Für Entwicklungsländer ist es zudem eine große Herausforderung, die Verringerung  von Einnahmen durch Zölle, die im Rahmen der globalen Freihandelsregeln immer mehr abgebaut wurden, zu kompensieren. Die Einkommen breiter Teile der Bevölkerung sind oft so niedrig, dass sie für eine Besteuerung kaum eignen. Nichtsdestoweniger werden auch von den Armen häufig Abgaben eingehoben, sei es in Form von Umsatzsteuern und kommunalen Abgaben oder Lizenzen und Gebühren. Frauen in Afrika, die im informellen Sektor – etwa als Marktverkäuferinnen – arbeiten, zahlen diverse abgabenähnliche Gebühren, sei es auf formeller oder informeller Basis.

 

Besteuerung der Armen oder der Big Players?

Die Besteuerung kommt in Konflikt mit den Menschenrechten, wenn von Menschen, die nicht genug für ihr eigenes (Über-)Leben haben, Geld eingehoben wird.

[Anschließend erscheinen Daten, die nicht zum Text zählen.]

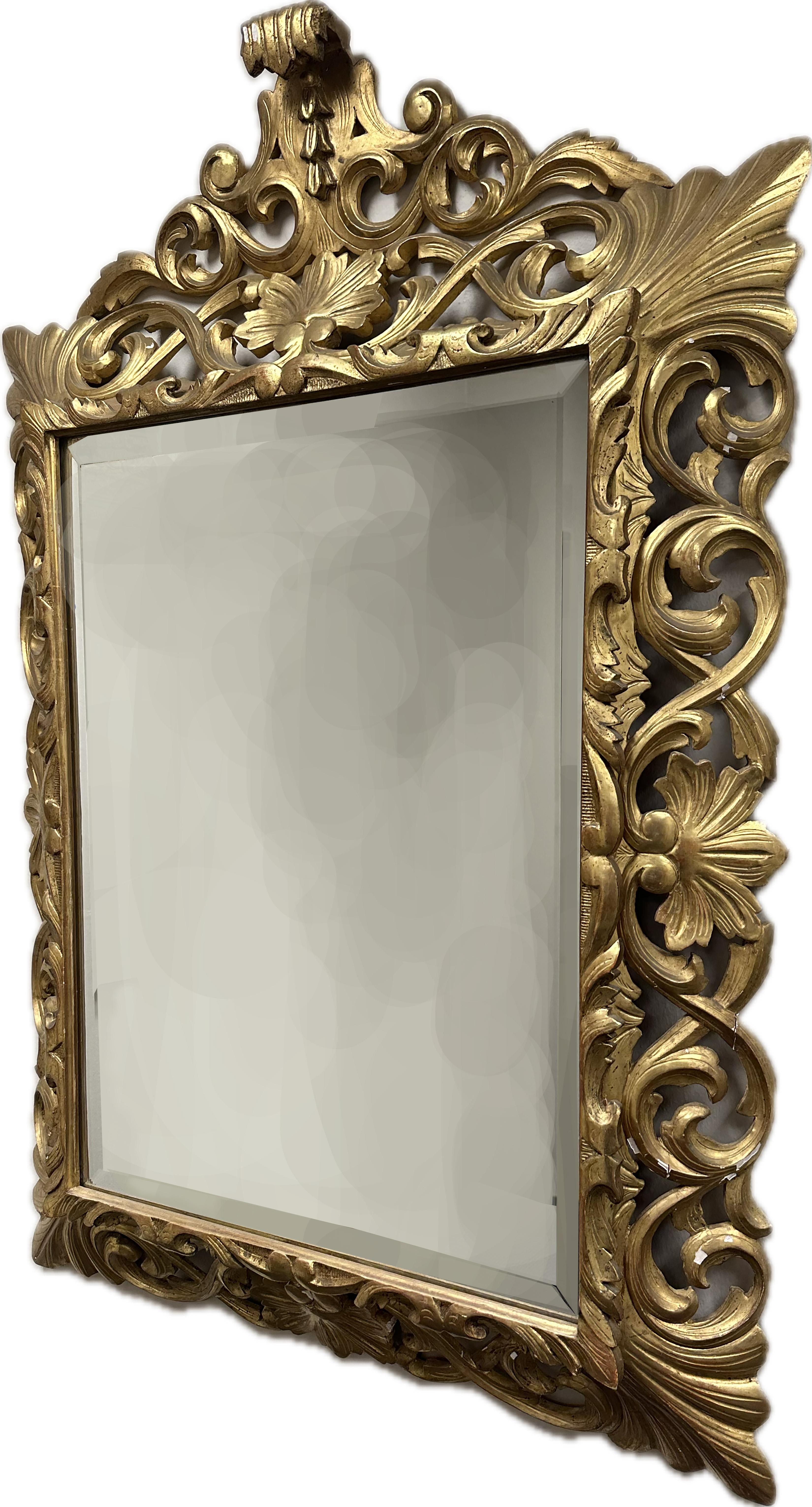 Paire d'anciens miroirs italiens dorés au mercure avec éventail biseauté en vente 4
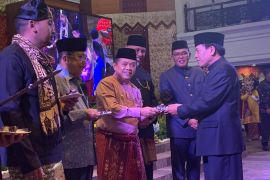 Hadiri HUT ke-77 Sumbar, Gubernur Haris perkuat kerja sama pariwisata Jambi-Sumbar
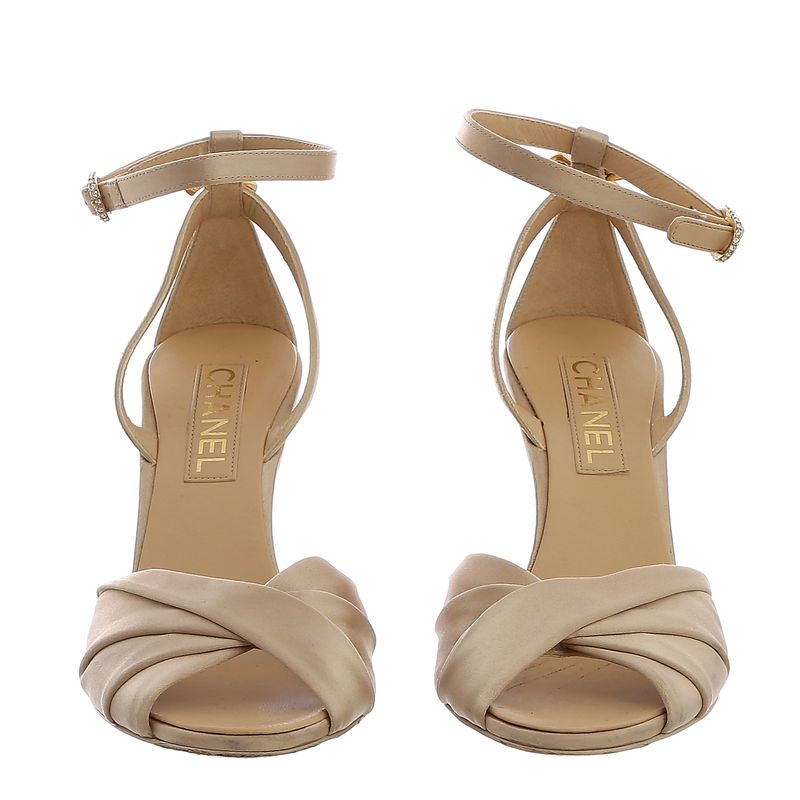 Sandalia-Chanel-Bege-e-Pedrarias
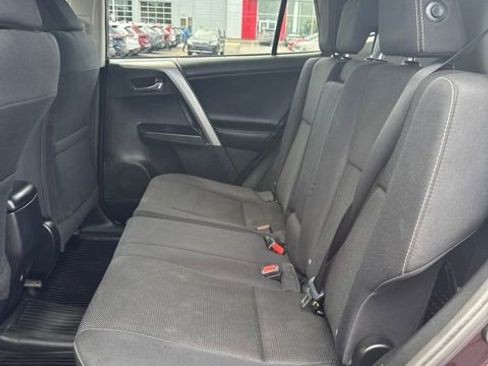 Used 2018 Toyota RAV4 XLE w/ Plus Extra Value Package AWD/4WD image 11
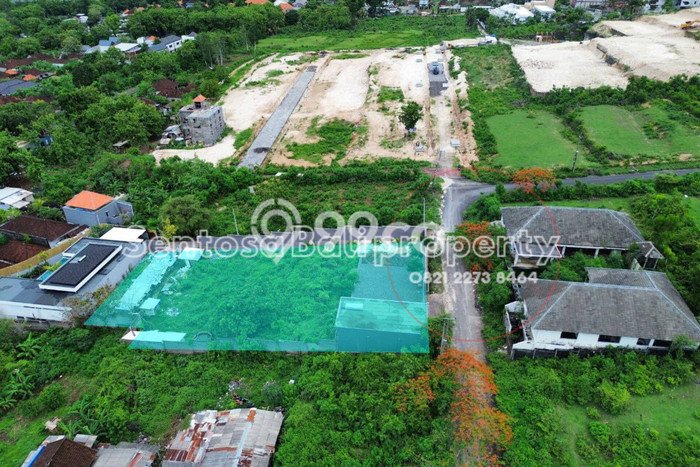 Tanah di Jimbaran, Badung Luas 2170m2 Dijual Segera Tanah di Jimbaran, Badung Luas 2170m2 Dijual Segera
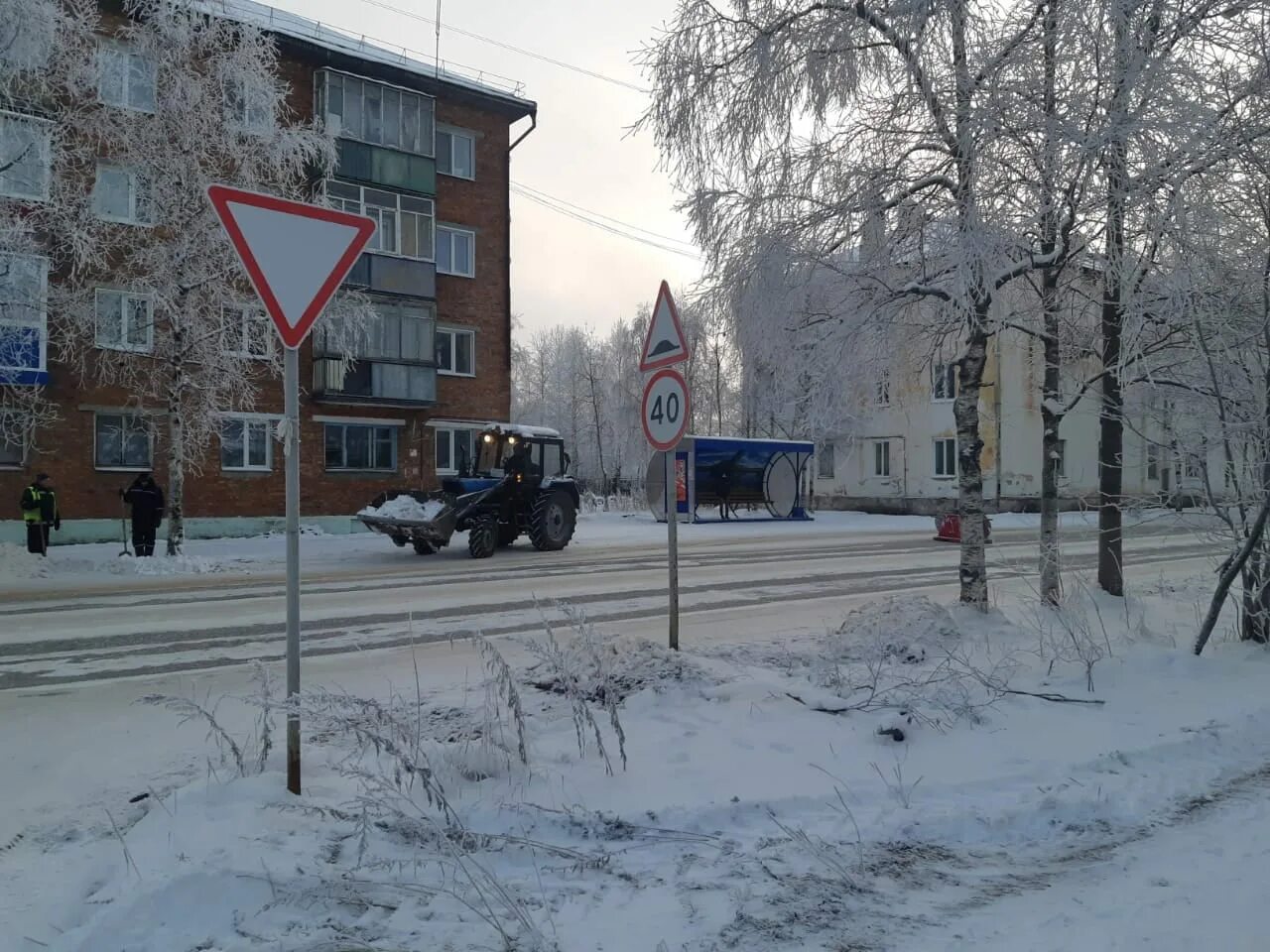 Ледовая переправа печора. Республика коми город печора улица гагарина. Комсомольск на печоре. Печора зима. Зимник инта.
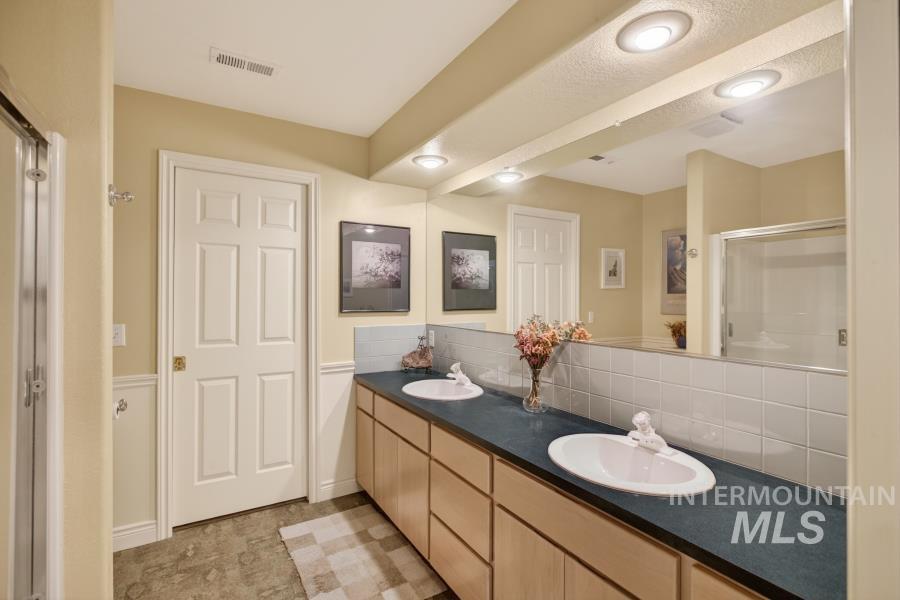 1761 Little Bear Ridge Property Photo 35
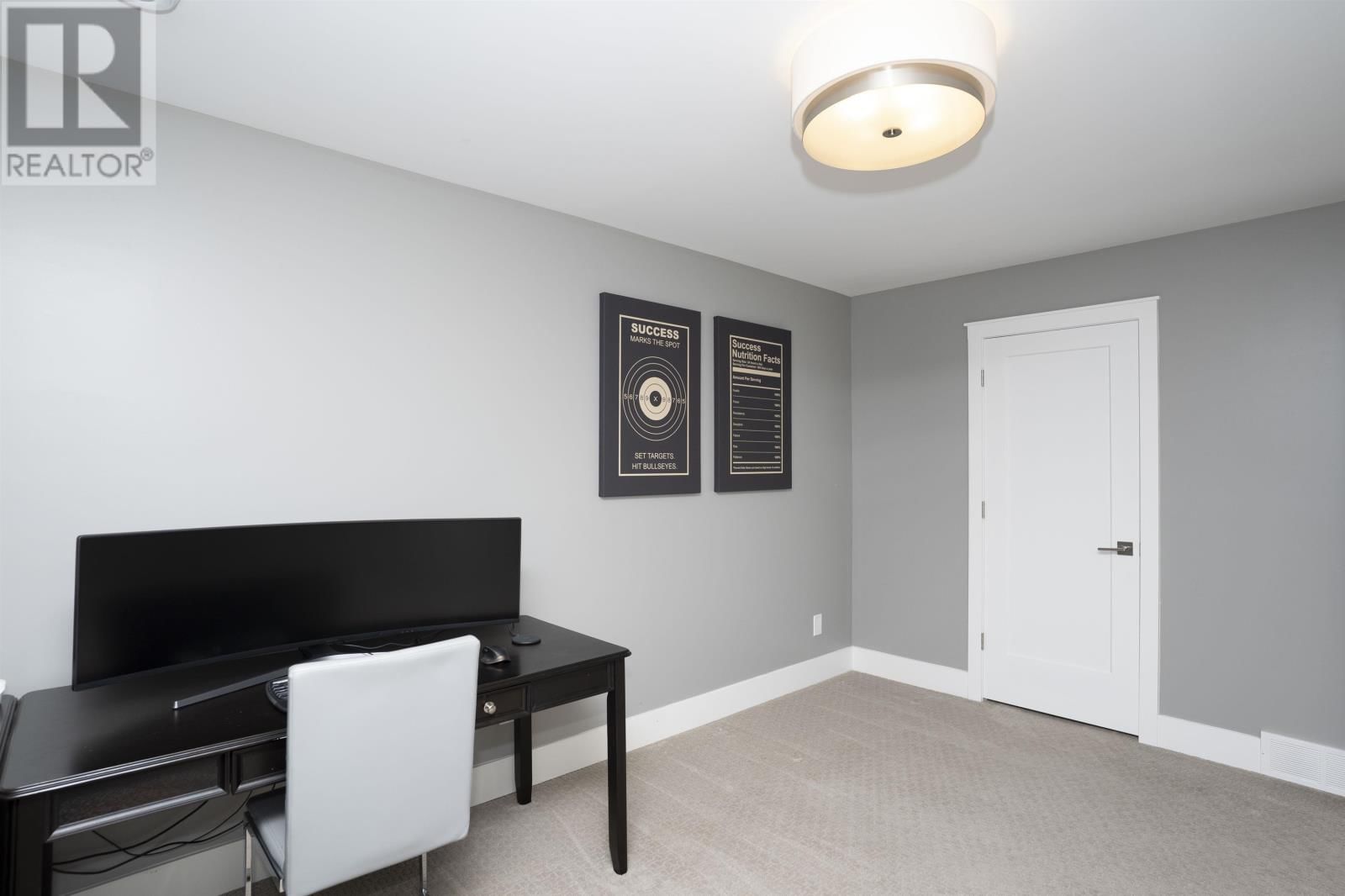 197 SUNFLOWER ST Image 37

Hingegen können große Player oft von Steuernachlässen – etwa in Exportproduktionszonen – oder von Doppelbesteuerungsabkommen (die steuermindernde konzerninterne Verrechnungspraktiken begünstigen) profitieren und tragen so zu wenig zum öffentlichen Haushalt bei.
Die weltweite Ungleichheit wächst, und sie wächst sowohl zwischen den Staaten als auch innerhalb der Staaten. Vermögensakkumulation ist eine kapitalistische Dynamik, und ihr gegenzusteuern eine gesellschaftliche Herausforderung, die sich immer wieder neu stellt. Nicht nur materielle Armut ist ein vielschichtiges gesellschaftliches Problem, sondern auch die Ungleichheit selbst. Ungleichheit unterminiert die Demokratie („Geld ist Macht“), führt in Finanzkrisen (gefolgt von Wirtschaftskrisen) und sprengt den sozialen Zusammenhalt (Kriminalität).

 

Steuern zur Finanzierung öffentlicher Leistungen

Aus feministischer Perspektive wird beim Thema Steuergerechtigkeit stark die Frage der ausreichenden Besteuerung zur Erbringung öffentlicher Leistungen thematisiert, u.a. um Frauen von unbezahlter Care-Arbeit zu entlasten und den Zugang zu Gesundheit und Bildung zu ermöglichen, sowie die Frage, inwieweit Steuern fair und progressiv sind. Denn scheinbar neutrale Steuern wie die Umsatzsteuer oder andere Verbrauchssteuern haben einen regressiven Effekt und belasten niedrige Einkommen – zu denen auch die Frauen-Einkommen zählen – überproportional.

 

Ambivalente Ökosteuern

Diese Frage wird auch im Zusammenhang mit Ökosteuern virulent – und bietet gegenwärtig viel Stoff für die Diskussion unter Akteur*innen, denen gleichermaßen soziale Gerechtigkeit als auch der Erhalt (bzw. die Regeneration) von Ökosystemen – unserer Lebensgrundlage – ein zentrales Anliegen sind.